Let’s first calculate degree for all of our nodes, and simultaneously build the necessary data structures for hiveplotlib:
Convert the networkx structure into the needed hiveplotlib structure#
[4]:
# convert `networkx` graph into `hiveplotlib`-ready nodes and edges
nodes, edges = networkx_to_nodes_edges(G)
# pull out degree information from nodes
degrees = pd.DataFrame(G.degree, columns=[nodes.unique_id_column, "degree"])
# add degree information to node data
nodes.data = nodes.data.merge(degrees, on=nodes.unique_id_column)
[5]:
nodes.data.head()
[5]:
| unique_id | club | degree | |
|---|---|---|---|
| 0 | 0 | Mr. Hi | 16 |
| 1 | 1 | Mr. Hi | 9 |
| 2 | 2 | Mr. Hi | 10 |
| 3 | 3 | Mr. Hi | 6 |
| 4 | 4 | Mr. Hi | 3 |
[6]:
edges.data.head()
[6]:
| from | to | weight | |
|---|---|---|---|
| 0 | 0 | 1 | 4 |
| 1 | 0 | 2 | 5 |
| 2 | 0 | 3 | 3 |
| 3 | 0 | 4 | 3 |
| 4 | 0 | 5 | 3 |
Constructing Our Hive Plot#
Next, let’s build out a HivePlot() instance.
[7]:
hp = HivePlot(
nodes=nodes,
edges=edges,
partition_variable="club",
sorting_variables="degree",
repeat_axes=True,
non_repeat_edge_kwargs={"color": "darkgray"},
)
# color intra-faction edges to match color of nodes in circular viz above
hp.update_edges("Mr. Hi", "Mr. Hi", color="royalblue")
hp.update_edges("Officer", "Officer", color="darkorange")
# only show the repeat edges on one end of the hive plot
hp.reset_edges(axis_id_1="Mr. Hi_repeat", axis_id_2="Officer")
As an extension of the hiveplotlib visualization, we will also pull out the Officer and Mr. Hi node placements to plot them in different colors in the final figure.
[8]:
# pull out the location of the Officer and Mr. Hi nodes for visual emphasis
officer_degree_locations = hp.axes["Officer_repeat"].node_placements
officer_node = (
officer_degree_locations.loc[
officer_degree_locations.loc[:, "unique_id"] == 33, ["x", "y"]
]
.to_numpy()
.flatten()
)
mr_hi_degree_locations = hp.axes["Mr.
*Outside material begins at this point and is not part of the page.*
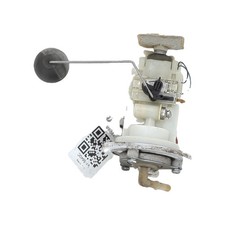 Pompe à carburant - PEUGEOT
Hi"].node_placements
mr_hi_node = (
mr_hi_degree_locations.loc[
mr_hi_degree_locations.loc[:, "unique_id"] == 0, ["x", "y"]
]
.to_numpy()
.flatten()
)
Visualizing the Hive Plot#
Once the decisions are made above, all that remains is visualizing the Hive Plot.
[9]:
fig, ax = hp.plot()
# highlight Mr. Hi and Officer on the degree axes
ax.scatter(
officer_node[0],
officer_node[1],
facecolor="red",
edgecolor="black",
s=150,
lw=2,
zorder=5,
)
ax.scatter(
mr_hi_node[0],
mr_hi_node[1],
facecolor="gold",
edgecolor="black",
s=150,
lw=2,
zorder=5,
)
# embed legend in the title
flexitext(
x=0.4,
y=0.73,
s="<size:20>Zachary's Karate Club Hive Plot\n</>"
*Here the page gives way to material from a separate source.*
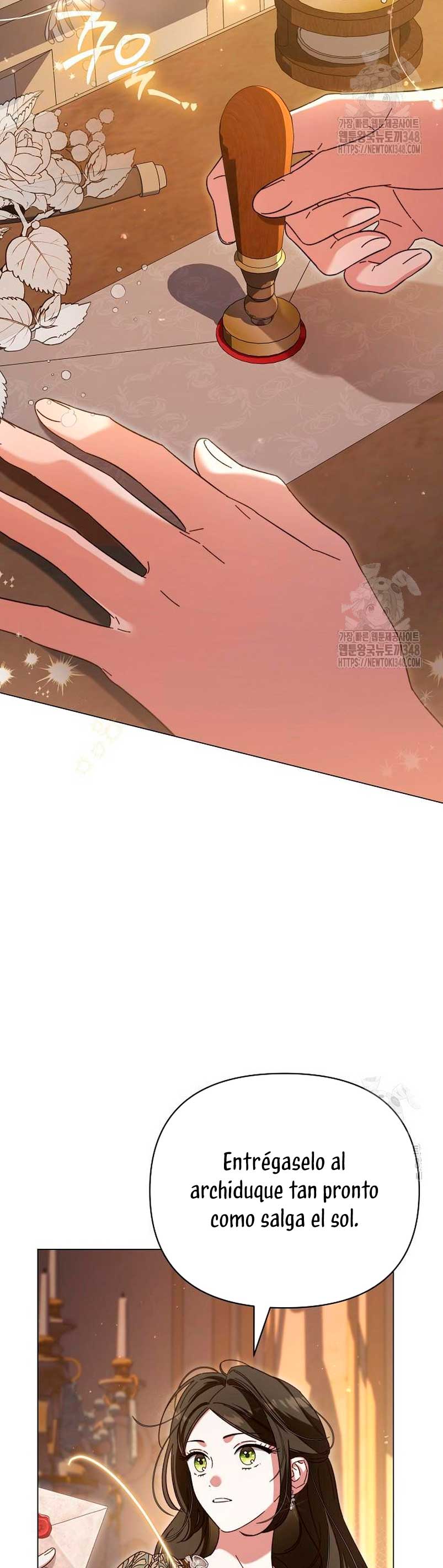 julieta Capítulo 5 - Page 16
"<size:14><color:gold, weight: bold>Mr. Hi</> and "
"<color:red, weight:bold>Officer</> most connected (highest node degree)</>\n"
"<size:14>Some <color:darkgray, weight: bold>inter-faction communication</>\n"
"But more connections <style:italic>within</> the "
"<color:royalblue, weight: bold>Mr. Hi faction</> / "
"<color:darkorange, weight:bold>Officer faction</></>",
xycoords="figure fraction",
ha="center",
)
plt.show()
Let’s revisit our questions from earlier:
How socially separated are the two factions? How long does it take to confirm there exists a connection between blue and orange?
From this figure, there appear to be far more intra-faction connections than inter-faction connections, but we can clearly see inter-faction connections in gray.
Are the connections between the two groups from people who are generally more social?
There does not appear to be a particularly strong correlation between inter-faction connections and general sociability. Otherwise, there would be gray connections only between nodes high on each axis.
The setup costs are of course higher to generate this Hive Plot visualization than the circular layout. We had to make the axes and sorting decisions. As a reward, however, we can generate unambiguous visualizations that can serve as first steps in answering genuine research questions.
References#
Zachary W. (1977). An information flow model for conflict and fission in small groups. Journal of Anthropological Research, 33, 452-473.